Barnes, 91, dies of pneumonia
SANTA MONICA, Calif. -- Bill Barnes, who coached football at UCLA from 1958-64, played at Tennessee and was a decorated World War II veteran, has died. He was 91.
Barnes died Thursday of complications from pneumonia at Santa Monica Hospital, where he had been for more than two months, the school said Friday.
Barnes had a record of 31-34-3 in seven years as coach, having taken over before the fourth game of the 1958 season when head coach Henry "Red" Sanders died.
In 1960, led by All-America tailback Bill Kilmer, the Bruins went 7-2-1.
The following season, they won the AAWU (now Pac-10 Conference) championship and lost 21-3 to Minnesota in 1962 the Rose Bowl to finish 7-4.
Barnes earned All-America honors at Tennessee, where he played several positions for coach Bob Neyland. He was on the Volunteer teams that appeared in the 1939 Orange Bowl and 1940 Rose Bowl, where they lost 14-0 to Southern California.
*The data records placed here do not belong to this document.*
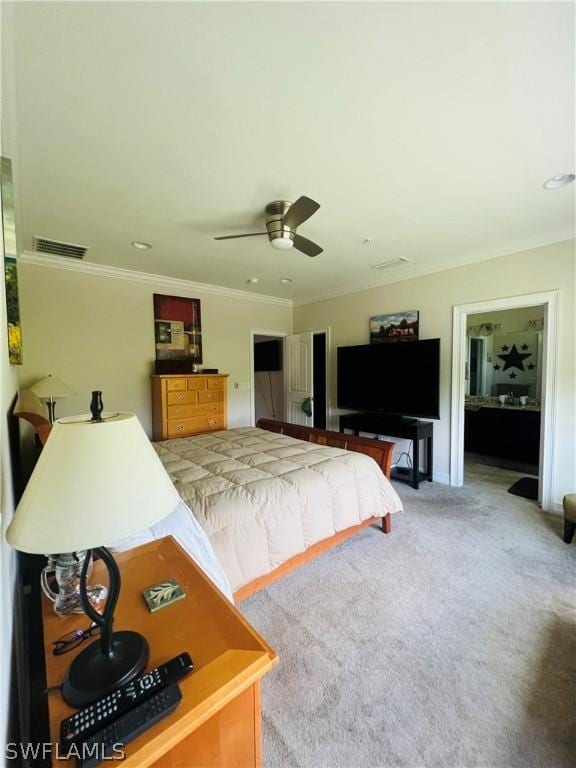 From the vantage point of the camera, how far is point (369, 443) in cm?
299

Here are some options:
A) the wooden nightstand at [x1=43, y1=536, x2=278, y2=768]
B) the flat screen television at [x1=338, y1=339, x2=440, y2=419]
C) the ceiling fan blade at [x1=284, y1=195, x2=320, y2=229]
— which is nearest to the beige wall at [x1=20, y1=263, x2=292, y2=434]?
the flat screen television at [x1=338, y1=339, x2=440, y2=419]

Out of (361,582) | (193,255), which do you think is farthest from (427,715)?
(193,255)

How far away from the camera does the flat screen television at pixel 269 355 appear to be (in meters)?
6.53

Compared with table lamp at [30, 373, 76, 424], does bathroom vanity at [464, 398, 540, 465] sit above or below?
below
Barnes was an assistant at Tennessee in 1941 and Arkansas from 1946-49.
He served as a major in the Army during World War II, earning two Bronze Stars, a Silver Star, Legion of Merit, a Philippine Ribbon and an Alamo Scout Commendation.
Barnes was an original member of the Alamo Scouts, considered by many to be the first U.S. special forces.
He is survived by his wife Frances, whom he met while coaching at Arkansas.